PROVIDED MATERIAL
++++++++++++++++++++
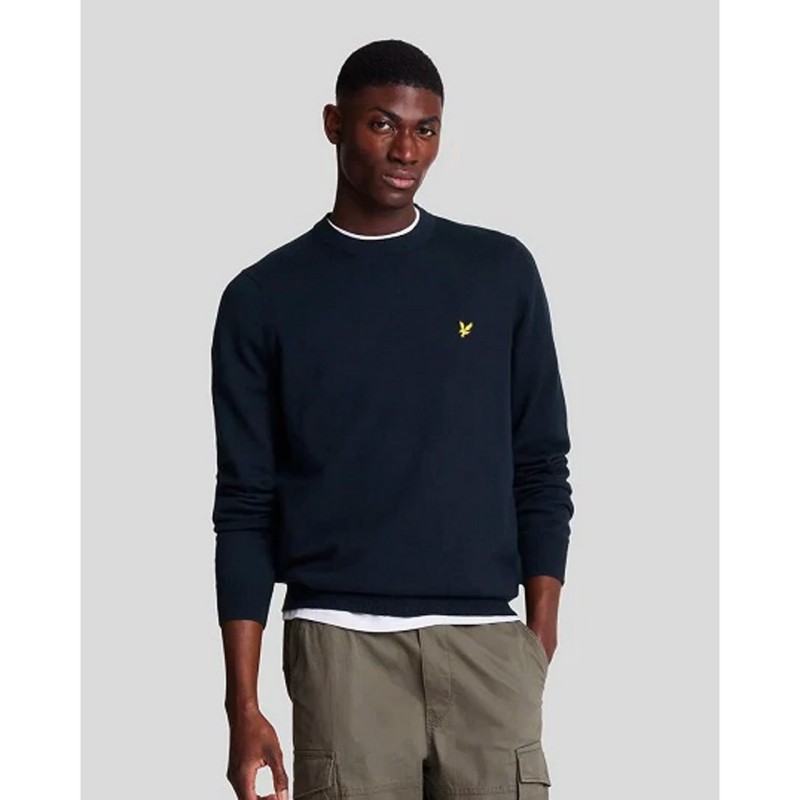 LYLE & SCOTT Maglia Girocollo Uomo Ragazzo Cotton Merino Blu - Foto 4 di 9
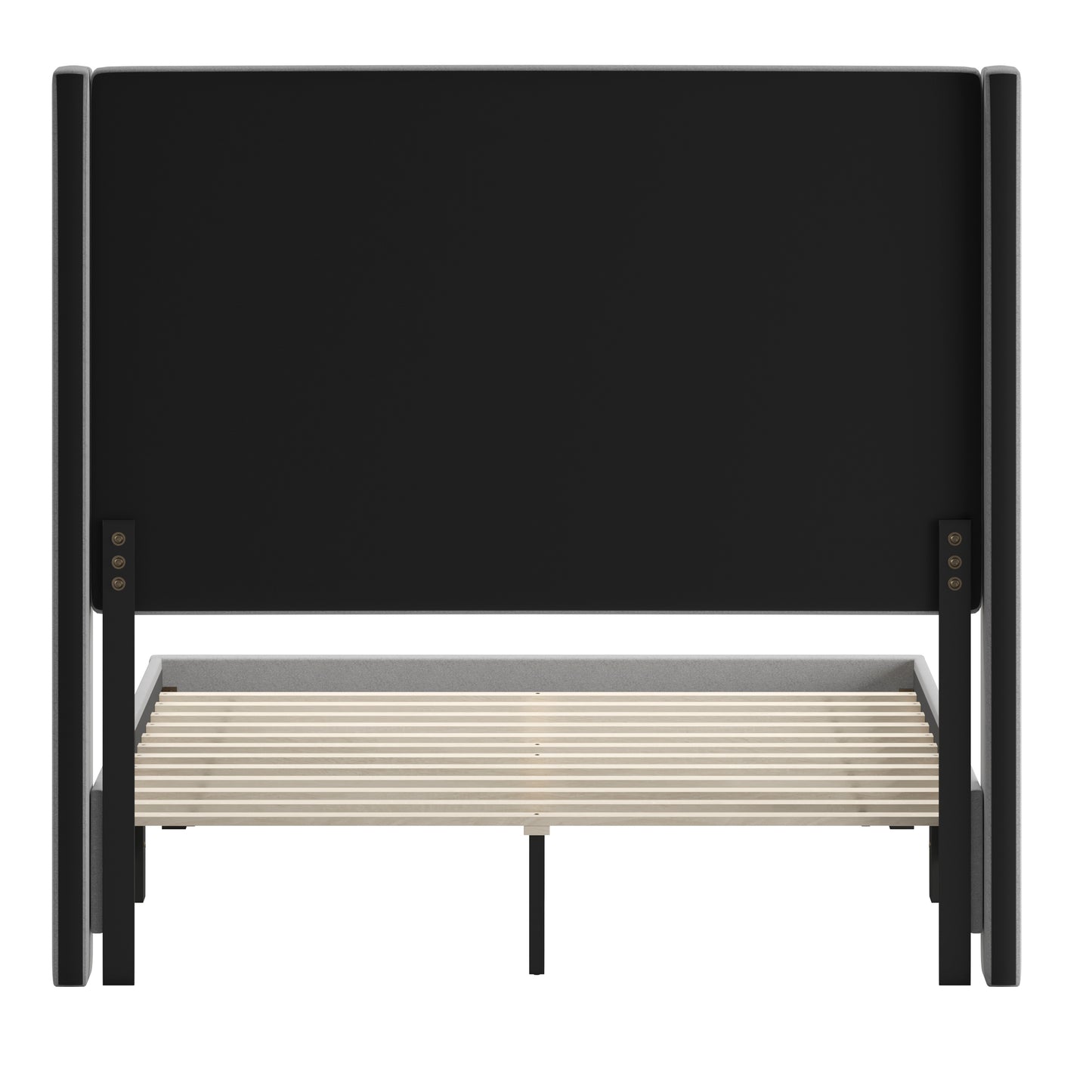 Quinn Full Upholstered Platform Bed with Channel Stitched Wingback Headboard, Mattress Foundation with Slatted Supports, No Box Spring Needed, Gray
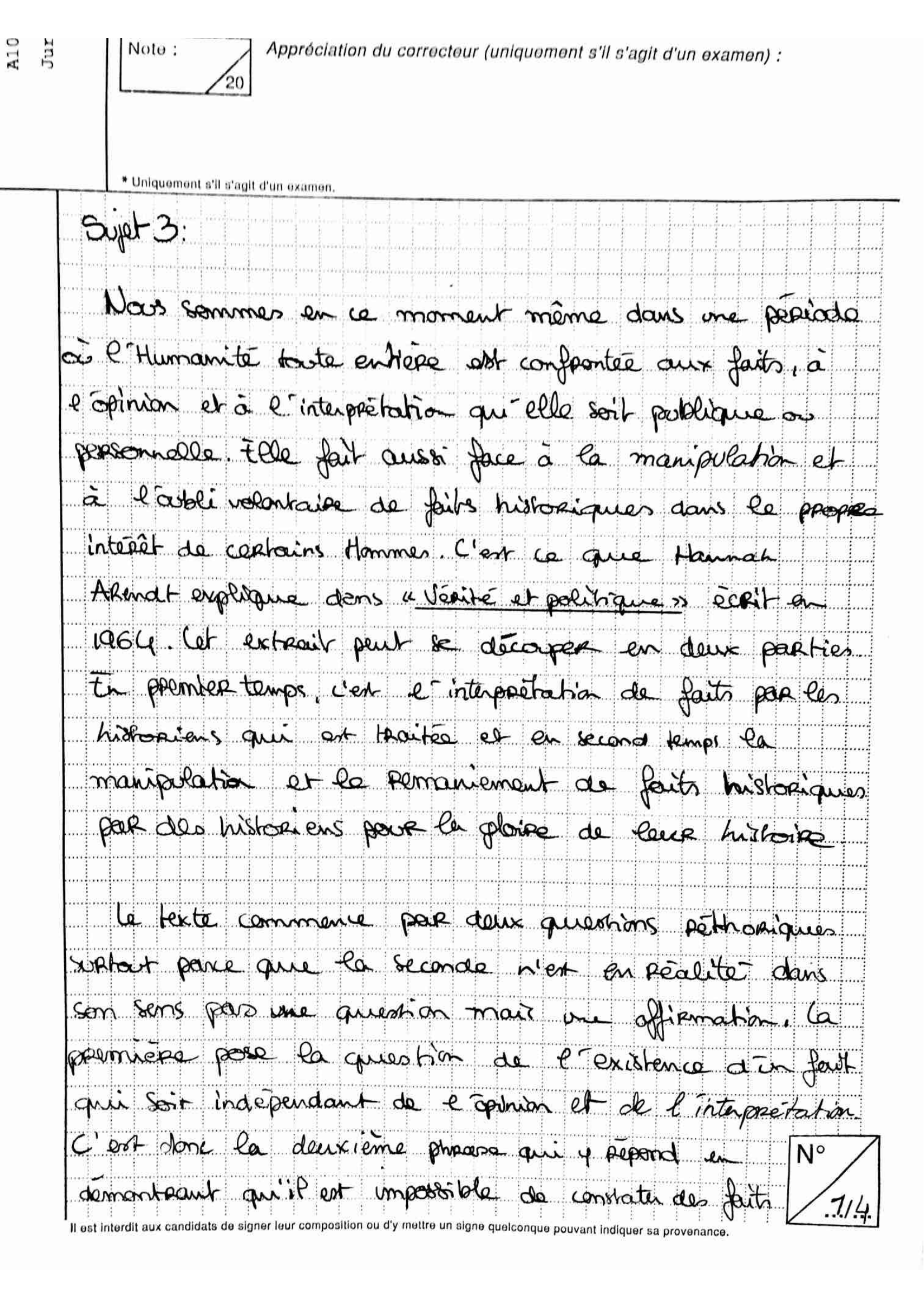 Prévisualisation du document Texte de Hannah ARENDT: Vérité et Politique (texte bac L - 20016)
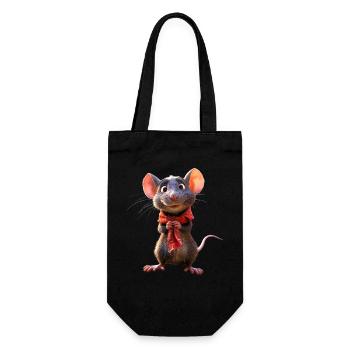 Rat, Cute Mouse, Rodents, Dwarf Mouse, Small Rats - Gift Bag for Bottles - black - Front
++++++++++++++++++++
TASK ITEM
Leave out the pictures and return the listing exactly.

RESULT
 LYLE & SCOTT Maglia Girocollo Uomo Ragazzo Cotton Merino Blu - Foto 4 di 9
 Quinn Full Upholstered Platform Bed with Channel Stitched Wingback Headboard, Mattress Foundation with Slatted Supports, No Box Spring Needed, Gray
 Prévisualisation du document Texte de Hannah ARENDT: Vérité et Politique (texte bac L - 20016)
 Rat, Cute Mouse, Rodents, Dwarf Mouse, Small Rats - Gift Bag for Bottles - black - Front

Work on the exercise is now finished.